Paraprotein Associated Neuropathies and POEMS Syndrome

• Paraproteinemias are seen in up to $10\%$ of all peripheral neuropathy patients.

• Required Testing: Serum Protein Electrophoresis ($SPEP$/$EPG$) and Immunofixation ($IFE$).

• Variants:

  • $IgM$ Monoclonal Gammopathy of Uncertain Significance ($MGUS$): Typically manifests as a distal symmetrical sensory and ataxic variant, often referred to as the Distal Acquired Demyelinating Symmetric ($DADS$) variant. Characterized by significant sensory impairment but minimal weakness.

  • Waldenström's Macroglobulinemia: Can present with various neuropathy types.

  • POEMS Syndrome: A debilitating, rapidly progressing pansystemic syndrome requiring hematological management.
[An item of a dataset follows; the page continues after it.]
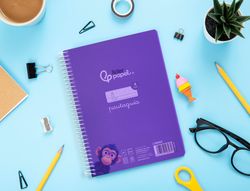 Cuaderno espiral liderpapel din A5 pautaguia tapa plastico 80h 90gr cuadro pautado 4 mm con margen color lila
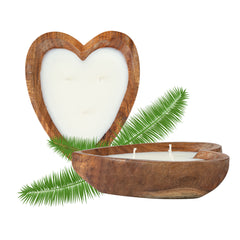 Coco Casa Handmade Wood Heart Bowl Candle - Pineapple Papaya - 7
The acronym stands for:

    • P: Peripheral neuropathy (mixed axonal and demyelinating).

    • O: Organomegaly.

    • E: Endocrinopathy.

    • M: Monoclonal gammopathy.

    • S: Skin symptoms.

  • AL Amyloidosis: May present in an asymmetrical pattern, falling between a mononeuritis multiplex and a length-dependent pattern.

Hereditary Neuropathies (Charcot-Marie-Tooth Disease)

• Hereditary neuropathies, primarily Charcot-Marie-Tooth ($CMT$) disease, account for approximately $1/3$ of all neuropathy cases.

• General Characteristics:

  • Often involve motor dysfunction more than sensory dysfunction (motor > sensory).

  • Typically painless (except for Hereditary Sensory and Autonomic Neuropathies or $HSAN$).

  • Approximately $30\%$ of patients have no known family history at presentation.

  • Displays genetic and phenotypic heterogeneity: different mutations can cause the same phenotype, and the same mutation can cause different clinical phenotypes.

• Classification:

  • Type 1: Demyelinating hereditary neuropathy.

  • Type 2: Axonal hereditary neuropathy.

• Clinical Signs:

  • Pes Cavus: A characteristic high arched foot deformity resulting from the chronic nature of the condition.

  • Muscle Wasting: Significant wasting of the intrinsic muscles of the foot.

  • Clawing of the Toes: Also known as "hammertoes," resulting from intrinsic muscle weakness.

Summary of Peripheral Neuropathy Presentations

• Peripheral neuropathies affect $2-3\%$ of the general population.

• Clinical characterization is based on the pattern of involvement, temporal characteristics, and fiber types affected.

• The fundamental distribution of causes remains approximately $1/3$ genetic, $1/3$ acquired, and $1/3$ idiopathic.